Speaking of which, the PvP is a lot of fun! Players either control a member of the Golden Path or the Rakshasa, using a loadout system akin to most other modern shooters. There are a few game modes including King of the Hill and Capture the Flag, but with a twist. The standard objective remains the same but there is a constant secondary objective as well. The Rakshasa team have a distinct advantage where they turn invisible when crouched, but they are also at the mercy of the bell tower. If the bell tower is on, the Rakshasa can be seen on radar. This results in resources being split amongst two power struggles to really make for some dynamic gameplay. After each round, the teams swap to make sure everyone has a chance at playing both sides. I like this approach when it comes to asymmetric multiplayer because it ensures that both team is at the same advantages and disadvantages in a full match.
Unfortunately, while the multiplayer is a lot of fun it’s also rather shallow. Final loadouts were realized rather quickly. I barely changed anything around after ranking up and found myself using the same powers and weapons constantly. Unlocking everything would take a bit of time, but there doesn’t seem to be much of a point in playing past a certain rank. It does feel a bit tacked on, and I’m really hoping the next iteration takes this and polishes it quite a bit. It has the potential to shine, I just need a better reason to keep playing it.
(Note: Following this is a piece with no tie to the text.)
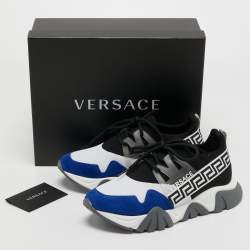 Versace Blue/Black Mesh And Suede Squalo Low Top Sneakers Size 38
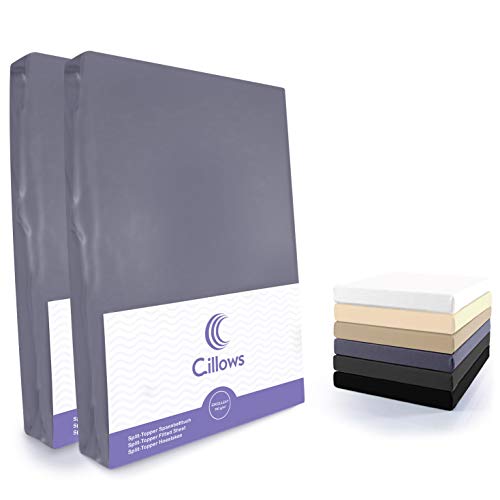 Cillows 2er Pack Jersey Split Topper Spannbettlaken, Spannbetttuch 100% Baumwolle in vielen Größen und Farben MARKENQUALITÄT ÖKOTEX Standard 100 | 140x200-160x220 cm - Farbe: Anthrazit 190 g/m2 von Cillows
As for the rest of the game, I have plenty of great reasons to continue past Pagan Min’s reign. There is still plenty of work to do before Kyrat has been restored to its former glory, though I doubt I’ll finish everything. Even so, just taking the remaining outposts, bell towers, and fortresses will take me numerous hours. If that’s not enough, you can seek out the forty mani wheels and thirty masks, or you could finish all the outpost quests, or even still you can craft all the upgrades for Ajay through hunting. Players are also given an Arena, which is of course a lot of fun and a good way to kill time. Honestly, even though the story isn’t that great I’m even tempted to replay the whole thing on hard mode and this time support Sabal instead just to get the other ending.
This game is HUGE. At the end of the day, you are absolutely getting every dollar of value from Far Cry 4, and I’m nowhere close to being bored of it after roughly thirty hours. If you enjoyed Far Cry 3, do yourself a favour and pick up FC4. You will not be disappointed, I assure you. Now if you’ll excuse me, I’m off to go get the trophy where you kill thirty enemies while riding an elephant. Yes, you can ride elephants. Need I say more?